Since 1973, the government
has awarded 89 grants to study rabies, of which there were 65 cases; 212
grants for cholera, with 400 cases, yet only three grants for firearm
injuries that topped 3 million, they wrote. The CDC spends just about
$100,000 a year out of its multibillion-dollar budget on firearm-related
research, New York Mayor Michael Bloomberg has said.
"It's
so out of proportion to the burden, however you measure it," said Dr.
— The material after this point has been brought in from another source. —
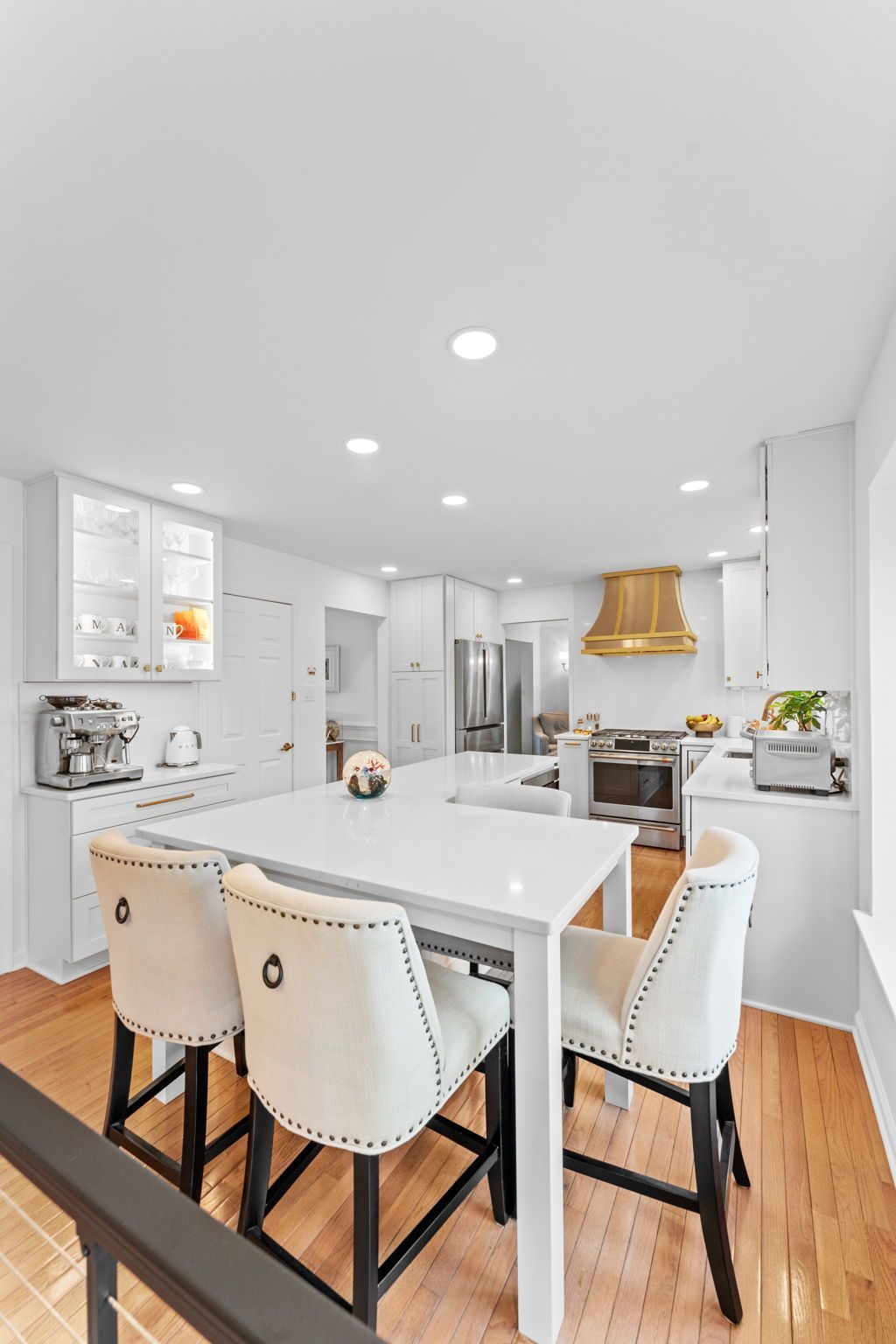 Bright modern kitchen with white island, beige stools, wood floors, and gold pendant light In Bucks Country PA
Matthew Miller, associate professor of health policy at the Harvard
School of Public Health. As a result, "we don't know really simple
things," such as whether tighter gun rules in New York will curb gun
trafficking "or is some other pipeline going to open up" in another
state, he said.
What now?
CDC
officials refused to discuss the topic on the record - a possible sign
of how gun shy of the issue the agency has been even after the
president's order.
Health and Human Services
Secretary Kathleen Sebelius said in a statement that her agency is
"committed to re-engaging gun violence research."
Others
are more cautious. The Union of Concerned Scientists said the White
House's view that the law does not ban gun research is helpful, but not
enough to clarify the situation for scientists, and that congressional
action is needed.
Dickey, the former congressman, agreed.
"Congress
is supposed to do that. He's not supposed to do that," Dickey said of
Obama's order. "The restrictions were placed there by Congress.
"What I was hoping for ... is `let's do this together,'" Dickey said.